Mr. Wheeler’s signature officially sets in motion one of the Trump Administration’s most significant rollbacks yet of former President Barack Obama’s climate change legacy, alongside an earlier decision to let automobiles pollute more. A senior E.P.A. official confirmed the signing late Monday.

The agency is expected on Tuesday to discuss the details of its proposal, which it is calling the Affordable Clean Energy rule, to replace the Obama-era Clean Power Plan, which was designed to curtail greenhouse gas emissions from power plants. The long-anticipated Trump administration overhaul of those rules is likely to set the stage for years of legal clashes.
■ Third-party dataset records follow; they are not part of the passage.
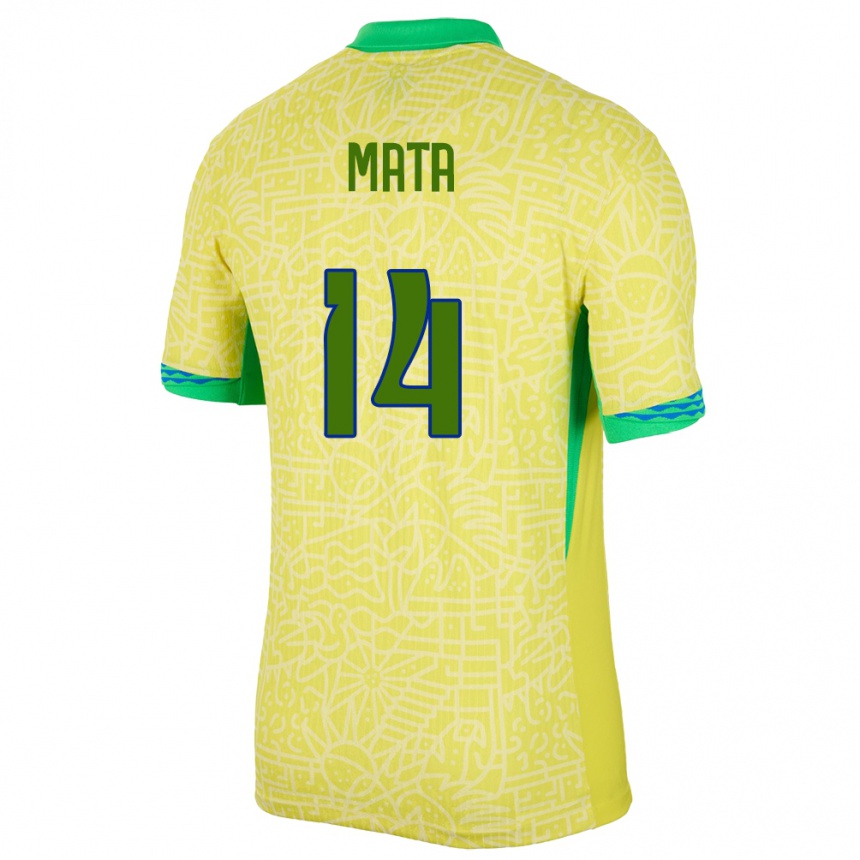 Niño Fútbol Camiseta Brasil Da Mata #14 Amarillo 1ª Equipación 24-26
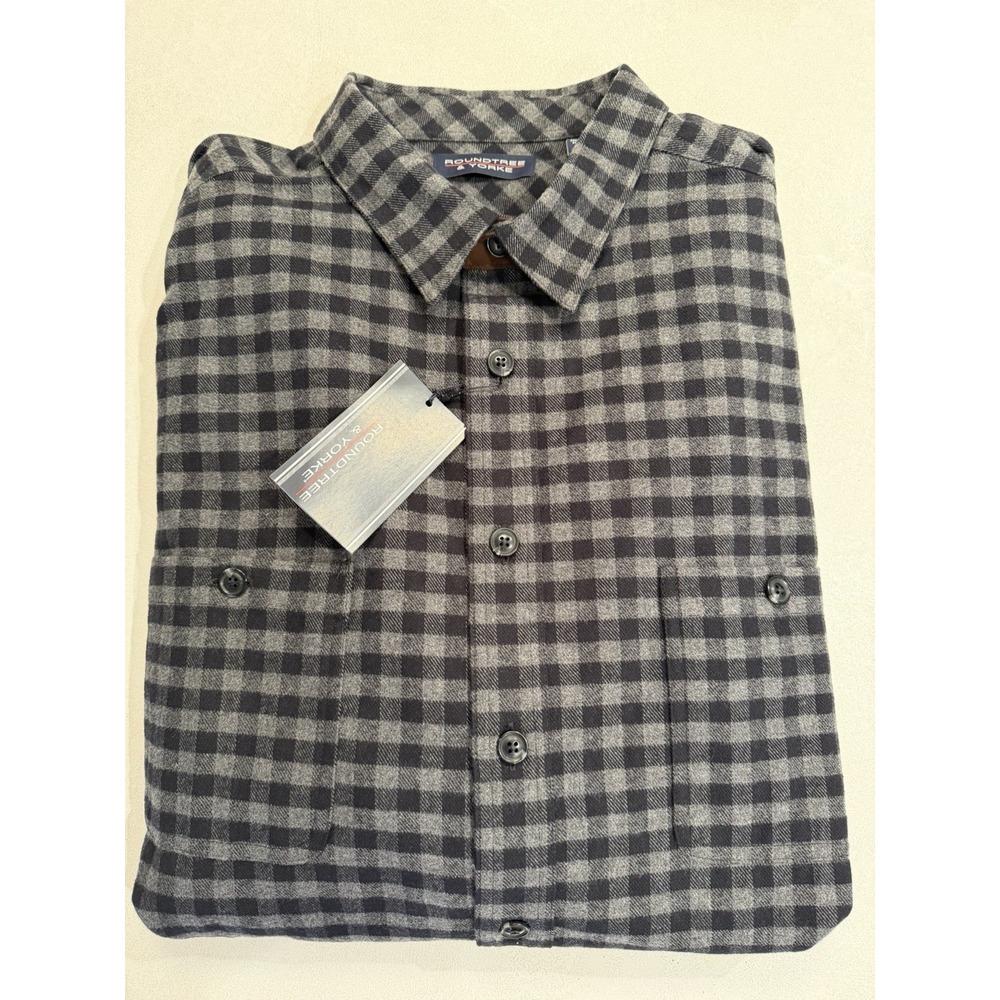 Men's Black And Gray Plaid Flannel Shirt 3XT Big Tall Man NWT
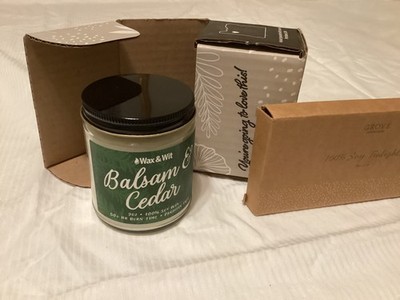 Wax & Wit Balsam & Cedar Scented Soy 9 oz Candle + Grove Soy Tea Lights NIB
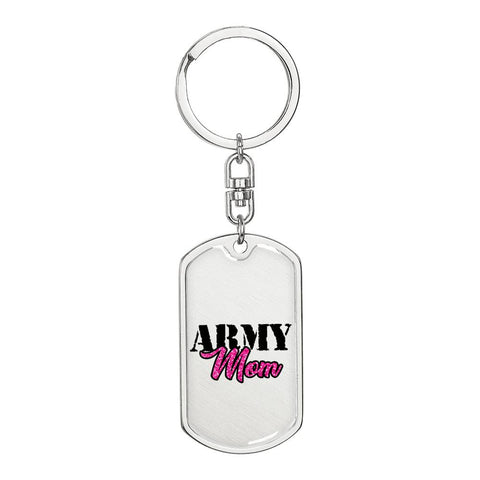 Army Mom Keychain - Custom Heart Design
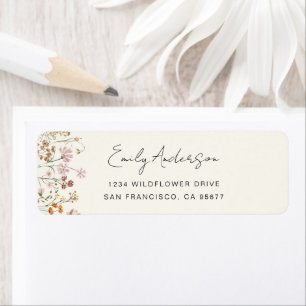 Wildflower Boho in Bloom Garden Retouradres Etiket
President Trump is expected to head to West Virginia coal country, where in May 2016 that he donned a coal miner’s helmet and vowed to strip away regulations on the industry, on Tuesday and is likely to use the moment to tell supporters that he is following through on that promise.

The new plan would all but erase Mr. Obama’s efforts to impose pollution controls on planet-warming carbon dioxide pollution from coal-fired power plants in an effort to transition toward cleaner energy sources like wind and solar power. One of the proposal’s most significant changes would give authority to states to decide how much to cut emissions, while restricting what states can do to encourage greater efficiency and other modifications at coal plants.

When the rule is submitted into the federal register on Tuesday the public will have 60 days to submit comments before it is finalized.

Trump administration officials have long said that the Clean Power Plan exceeded the federal government’s authority. They have said that the new plan operates within the bounds of the 1970 Clean Air Act, which obliges the government to design a way to cut carbon emissions.

Coal-industry leaders agreed, and have offered praise.

“The proposed rule appears to provide electric cooperatives with a more achievable plan,” said Jim Matheson, chief executive of the National Rural Electric Cooperative Association, a powerful utility trade group whose members get more than 40 percent of their energy from coal-fired generation.

Still, Mr. Matheson said, his member co-ops are already moving away from coal in response to economic reality: Other fuels have become more cost-effective. “The electric cooperative fuel mix for providing electricity is changing, with increased investments in natural gas and renewables,” he said.

Indeed, experts said it was unlikely that the new rule would reverse the decline of America’s coal industry. More than 200 coal plants have retired since 2010, mainly because of competition from cheaper natural gas and renewable energy. And dozens of additional retirements have already been announced for the coming years.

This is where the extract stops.